Begin at the top of the following data. Copy each line exactly until you have copied the line containing "فیلم در حال مرگ-menjelang ajal".

──────── Supplied data ────────

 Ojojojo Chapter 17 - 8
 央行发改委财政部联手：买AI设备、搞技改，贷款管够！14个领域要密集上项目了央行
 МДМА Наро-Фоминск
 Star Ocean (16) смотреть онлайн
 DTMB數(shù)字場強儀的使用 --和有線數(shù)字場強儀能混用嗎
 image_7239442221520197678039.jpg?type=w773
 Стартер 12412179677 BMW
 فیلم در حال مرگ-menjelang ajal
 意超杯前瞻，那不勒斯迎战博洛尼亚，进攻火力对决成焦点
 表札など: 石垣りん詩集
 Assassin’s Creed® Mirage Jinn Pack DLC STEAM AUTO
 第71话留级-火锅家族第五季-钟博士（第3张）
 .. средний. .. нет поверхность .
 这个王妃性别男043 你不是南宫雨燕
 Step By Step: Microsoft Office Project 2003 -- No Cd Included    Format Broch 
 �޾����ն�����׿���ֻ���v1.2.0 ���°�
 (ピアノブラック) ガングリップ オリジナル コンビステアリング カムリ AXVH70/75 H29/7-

────────

» Reply
 Ojojojo Chapter 17 - 8
 央行发改委财政部联手：买AI设备、搞技改，贷款管够！14个领域要密集上项目了央行
 МДМА Наро-Фоминск
 Star Ocean (16) смотреть онлайн
 DTMB數(shù)字場強儀的使用 --和有線數(shù)字場強儀能混用嗎
 image_7239442221520197678039.jpg?type=w773
 Стартер 12412179677 BMW
 فیلم در حال مرگ-menjelang ajal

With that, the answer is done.